In a sense, this recurring stress on blessing and gratitude is a rectification of the religion that dictated the early ages of Auden in Christianity. It can be noted how significant for Auden was the declaration made by Kierkegaard that before deity people are at all times responsible for mistakes. Auden dealt with his own endless aptitude for wickedness in addition to that of the Germans (Mendelson Prose, Volume II 489-490).
It is believed that Auden trained Sunday school children in the year1942, and one time raised a question to his class inquiring whether they knew the looks of the devil. He afterward responded his own inquiry stating that the devil looked like him.
Later, he wrote of his belief in the lordship of Jesus Christ and affirmed that he considered that, Jesus accomplished none of his dreams and that Jesus was in all respect the contrary of what He could be if He would have made Auden in His own image (Jacobs 44-45).
Nevertheless, in opposition to all other teachers like Muhammad, Auden stated terrifyingly that not any of these teachers stimulated every side of his being to call out “let Him be crucified”.
Auden did not disapprove this profound belief of his wickedness at any time, but he finally appreciated that if he attempted to make his whole divinity around it he ultimately would turn out to be like Kierkegaard; that is, a monodist as well as an accidental heretic. This move sought to justify the poems of thanksgiving and appreciation.
Conclusion
From this research paper, it is apparent that in his entire career, Auden was both contentious and prevailing. Influenced by existentialism, Auden gave a musical tone in the attention of his readers with his opportune handling of the ethical and political matters that directly influenced human beings.
Auden became recognised as not merely a great poet but as well a Christian humanist. Influenced by existentialism, Auden clarifies what he would love to be the single type of condition in which poetry gets valid enlightenment (Jacobs 54-56).
The reason behind Christians being insensitive to Auden is that all through the existence of Auden, he was engaging in homosexuality. Following his change to Christianity, his change of sexual orientation became difficult to handle or justify.
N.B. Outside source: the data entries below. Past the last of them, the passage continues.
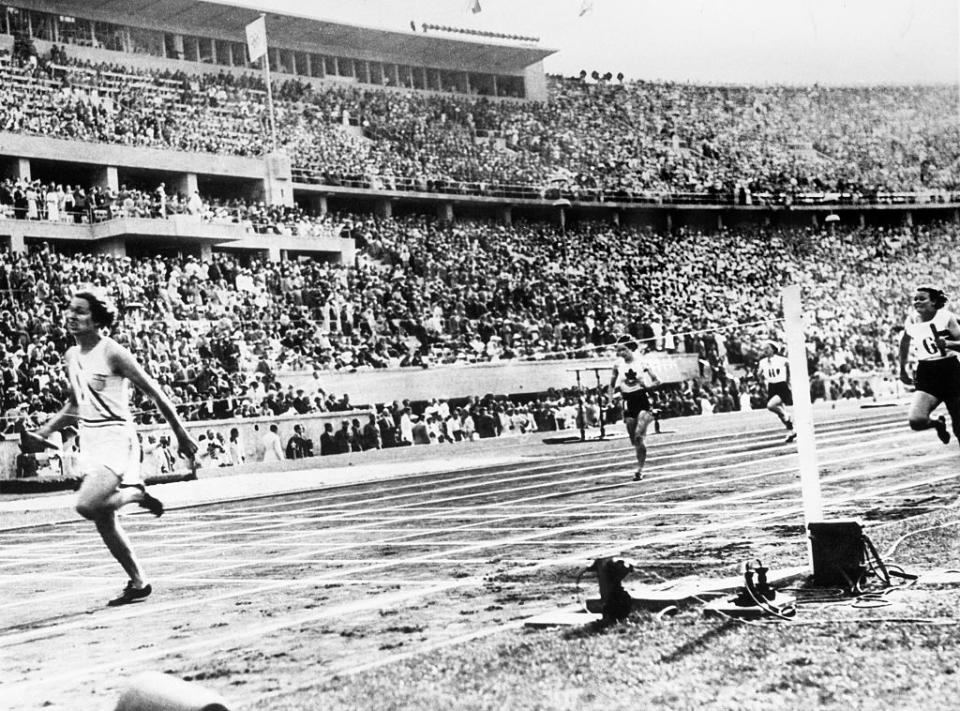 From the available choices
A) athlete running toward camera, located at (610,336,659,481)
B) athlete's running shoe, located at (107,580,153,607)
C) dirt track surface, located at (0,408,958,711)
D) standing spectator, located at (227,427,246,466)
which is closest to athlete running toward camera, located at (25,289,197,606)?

His religious conviction doomed his sexual orientation and he consented that it was wicked. Auden completely determined to keep on sinning, as his view of homosexuality was a suffering that abode the source of possible blessings. Auden achieved discernment from Kierkegaard. For instance, Auden ascertained that indirect expressions employed by Kierkegaard were helpful.
The works of Kierkegaard that have achieved most reputation are not wholly Christian. From Kierkegaard, Auden thus increasingly came to consider that people are definitely complex beings, forever under natural regulations and nonetheless obliged to assume liability for moment in time by making judgments; judgments whose inescapable outcomes are yet a different variety of compulsion.
Works Cited
Auden, Wystan. Friday’s Child, 1945. Web.
Auden, Wystan. Their Lonely Betters, 1950. Web.
Auden, Wystan. The Shield of Achilles, 1955. Web.
Callan, Edward. “Auden and Kierkegaard: The Artistic Framework of ‘For the Time Being’.” The Christian Scholar 48.3 (1965): 211-223. Print.
Carpenter, Humphrey. W. H. Auden: A Biography. London: George Allen & Unwin, 1981. Print.
Jacobs, Alan. “Auden and the Limits of Poetry.” First Things 115.1 (2001): 26-56. Print.
Kirsch, Arthur. Auden and Christianity. New Haven: Yale University Press, 2005. Print.
Mendelson, Edward. Prose, Volume II: 1939–1948. Princeton: Princeton University Press, 2002. Print.
Mendelson, Edward. Prose, Volume IV: 1956–1962. Princeton: Princeton University Press, 2010. Print.
Smith, Stan. The Cambridge Companion to W. H. Auden. Cambridge: Cambridge University Press, 2005. Print.